### Instructions for the task
The records beneath should be restated word for word.

*** Material shown ***

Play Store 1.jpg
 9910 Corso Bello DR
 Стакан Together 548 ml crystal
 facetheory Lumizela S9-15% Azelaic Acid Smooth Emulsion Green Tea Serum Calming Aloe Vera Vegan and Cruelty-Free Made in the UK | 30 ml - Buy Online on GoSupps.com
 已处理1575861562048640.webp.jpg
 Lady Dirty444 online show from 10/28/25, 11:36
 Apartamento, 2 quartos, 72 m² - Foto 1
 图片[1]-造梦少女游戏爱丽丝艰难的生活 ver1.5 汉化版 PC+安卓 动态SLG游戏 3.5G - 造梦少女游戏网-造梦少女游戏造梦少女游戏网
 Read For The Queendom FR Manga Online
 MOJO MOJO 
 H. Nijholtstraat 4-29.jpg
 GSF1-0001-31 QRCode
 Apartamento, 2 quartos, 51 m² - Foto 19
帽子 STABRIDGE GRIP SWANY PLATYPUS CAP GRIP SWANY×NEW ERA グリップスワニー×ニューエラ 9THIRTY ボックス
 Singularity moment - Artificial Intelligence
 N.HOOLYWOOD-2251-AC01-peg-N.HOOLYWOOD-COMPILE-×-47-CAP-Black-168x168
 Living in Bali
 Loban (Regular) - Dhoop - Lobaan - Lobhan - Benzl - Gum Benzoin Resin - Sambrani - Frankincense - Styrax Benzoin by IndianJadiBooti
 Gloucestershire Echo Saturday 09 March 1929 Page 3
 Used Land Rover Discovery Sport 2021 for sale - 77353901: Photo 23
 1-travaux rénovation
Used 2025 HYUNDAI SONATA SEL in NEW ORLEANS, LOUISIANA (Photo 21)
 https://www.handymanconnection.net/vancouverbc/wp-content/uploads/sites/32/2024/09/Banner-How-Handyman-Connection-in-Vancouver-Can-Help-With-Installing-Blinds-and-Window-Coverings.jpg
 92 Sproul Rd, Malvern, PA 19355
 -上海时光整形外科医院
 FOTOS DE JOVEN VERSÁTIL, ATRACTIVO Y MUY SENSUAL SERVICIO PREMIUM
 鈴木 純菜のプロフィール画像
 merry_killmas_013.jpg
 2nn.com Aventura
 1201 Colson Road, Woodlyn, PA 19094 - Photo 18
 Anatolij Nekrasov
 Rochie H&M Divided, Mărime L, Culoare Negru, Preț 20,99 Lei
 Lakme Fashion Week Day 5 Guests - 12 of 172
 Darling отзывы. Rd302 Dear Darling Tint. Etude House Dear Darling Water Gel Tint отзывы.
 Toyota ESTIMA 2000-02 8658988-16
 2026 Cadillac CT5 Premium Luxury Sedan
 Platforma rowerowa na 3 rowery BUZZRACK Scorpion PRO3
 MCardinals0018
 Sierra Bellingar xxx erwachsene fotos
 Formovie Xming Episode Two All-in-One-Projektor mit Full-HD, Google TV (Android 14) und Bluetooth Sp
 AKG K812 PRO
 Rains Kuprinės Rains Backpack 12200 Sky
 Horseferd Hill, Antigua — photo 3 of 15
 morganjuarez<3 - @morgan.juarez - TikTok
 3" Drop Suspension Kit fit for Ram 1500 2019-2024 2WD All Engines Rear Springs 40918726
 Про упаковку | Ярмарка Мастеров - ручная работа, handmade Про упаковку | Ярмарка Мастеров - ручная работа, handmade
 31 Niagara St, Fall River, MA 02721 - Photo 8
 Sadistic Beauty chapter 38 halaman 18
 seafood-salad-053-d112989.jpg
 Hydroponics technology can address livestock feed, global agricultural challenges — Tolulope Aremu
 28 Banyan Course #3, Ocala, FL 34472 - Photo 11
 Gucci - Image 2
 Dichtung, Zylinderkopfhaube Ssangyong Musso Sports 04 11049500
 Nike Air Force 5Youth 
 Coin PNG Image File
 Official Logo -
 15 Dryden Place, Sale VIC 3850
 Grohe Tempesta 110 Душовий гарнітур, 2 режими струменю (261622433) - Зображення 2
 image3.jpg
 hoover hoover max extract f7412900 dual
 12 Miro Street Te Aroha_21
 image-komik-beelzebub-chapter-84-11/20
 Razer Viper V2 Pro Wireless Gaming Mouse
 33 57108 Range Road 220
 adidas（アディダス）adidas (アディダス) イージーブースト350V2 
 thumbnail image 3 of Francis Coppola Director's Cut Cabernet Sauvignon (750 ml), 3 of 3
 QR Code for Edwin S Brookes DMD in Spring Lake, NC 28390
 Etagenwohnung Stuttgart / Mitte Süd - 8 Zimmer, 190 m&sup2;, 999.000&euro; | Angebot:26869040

*** End of Material shown ***

### Written solution
Play Store 1.jpg
 9910 Corso Bello DR
 Стакан Together 548 ml crystal
 facetheory Lumizela S9-15% Azelaic Acid Smooth Emulsion Green Tea Serum Calming Aloe Vera Vegan and Cruelty-Free Made in the UK | 30 ml - Buy Online on GoSupps.com
 已处理1575861562048640.webp.jpg
 Lady Dirty444 online show from 10/28/25, 11:36
 Apartamento, 2 quartos, 72 m² - Foto 1
 图片[1]-造梦少女游戏爱丽丝艰难的生活 ver1.5 汉化版 PC+安卓 动态SLG游戏 3.5G - 造梦少女游戏网-造梦少女游戏造梦少女游戏网
 Read For The Queendom FR Manga Online
 MOJO MOJO 
 H. Nijholtstraat 4-29.jpg
 GSF1-0001-31 QRCode
 Apartamento, 2 quartos, 51 m² - Foto 19
帽子 STABRIDGE GRIP SWANY PLATYPUS CAP GRIP SWANY×NEW ERA グリップスワニー×ニューエラ 9THIRTY ボックス
 Singularity moment - Artificial Intelligence
 N.HOOLYWOOD-2251-AC01-peg-N.HOOLYWOOD-COMPILE-×-47-CAP-Black-168x168
 Living in Bali
 Loban (Regular) - Dhoop - Lobaan - Lobhan - Benzl - Gum Benzoin Resin - Sambrani - Frankincense - Styrax Benzoin by IndianJadiBooti
 Gloucestershire Echo Saturday 09 March 1929 Page 3
 Used Land Rover Discovery Sport 2021 for sale - 77353901: Photo 23
 1-travaux rénovation
Used 2025 HYUNDAI SONATA SEL in NEW ORLEANS, LOUISIANA (Photo 21)
 https://www.handymanconnection.net/vancouverbc/wp-content/uploads/sites/32/2024/09/Banner-How-Handyman-Connection-in-Vancouver-Can-Help-With-Installing-Blinds-and-Window-Coverings.jpg
 92 Sproul Rd, Malvern, PA 19355
 -上海时光整形外科医院
 FOTOS DE JOVEN VERSÁTIL, ATRACTIVO Y MUY SENSUAL SERVICIO PREMIUM
 鈴木 純菜のプロフィール画像
 merry_killmas_013.jpg
 2nn.com Aventura
 1201 Colson Road, Woodlyn, PA 19094 - Photo 18
 Anatolij Nekrasov
 Rochie H&M Divided, Mărime L, Culoare Negru, Preț 20,99 Lei
 Lakme Fashion Week Day 5 Guests - 12 of 172
 Darling отзывы. Rd302 Dear Darling Tint. Etude House Dear Darling Water Gel Tint отзывы.
 Toyota ESTIMA 2000-02 8658988-16
 2026 Cadillac CT5 Premium Luxury Sedan
 Platforma rowerowa na 3 rowery BUZZRACK Scorpion PRO3
 MCardinals0018
 Sierra Bellingar xxx erwachsene fotos
 Formovie Xming Episode Two All-in-One-Projektor mit Full-HD, Google TV (Android 14) und Bluetooth Sp
 AKG K812 PRO
 Rains Kuprinės Rains Backpack 12200 Sky
 Horseferd Hill, Antigua — photo 3 of 15
 morganjuarez<3 - @morgan.juarez - TikTok
 3" Drop Suspension Kit fit for Ram 1500 2019-2024 2WD All Engines Rear Springs 40918726
 Про упаковку | Ярмарка Мастеров - ручная работа, handmade Про упаковку | Ярмарка Мастеров - ручная работа, handmade
 31 Niagara St, Fall River, MA 02721 - Photo 8
 Sadistic Beauty chapter 38 halaman 18
 seafood-salad-053-d112989.jpg
 Hydroponics technology can address livestock feed, global agricultural challenges — Tolulope Aremu
 28 Banyan Course #3, Ocala, FL 34472 - Photo 11
 Gucci - Image 2
 Dichtung, Zylinderkopfhaube Ssangyong Musso Sports 04 11049500
 Nike Air Force 5Youth 
 Coin PNG Image File
 Official Logo -
 15 Dryden Place, Sale VIC 3850
 Grohe Tempesta 110 Душовий гарнітур, 2 режими струменю (261622433) - Зображення 2
 image3.jpg
 hoover hoover max extract f7412900 dual
 12 Miro Street Te Aroha_21
 image-komik-beelzebub-chapter-84-11/20
 Razer Viper V2 Pro Wireless Gaming Mouse
 33 57108 Range Road 220
 adidas（アディダス）adidas (アディダス) イージーブースト350V2 
 thumbnail image 3 of Francis Coppola Director's Cut Cabernet Sauvignon (750 ml), 3 of 3
 QR Code for Edwin S Brookes DMD in Spring Lake, NC 28390
 Etagenwohnung Stuttgart / Mitte Süd - 8 Zimmer, 190 m&sup2;, 999.000&euro; | Angebot:26869040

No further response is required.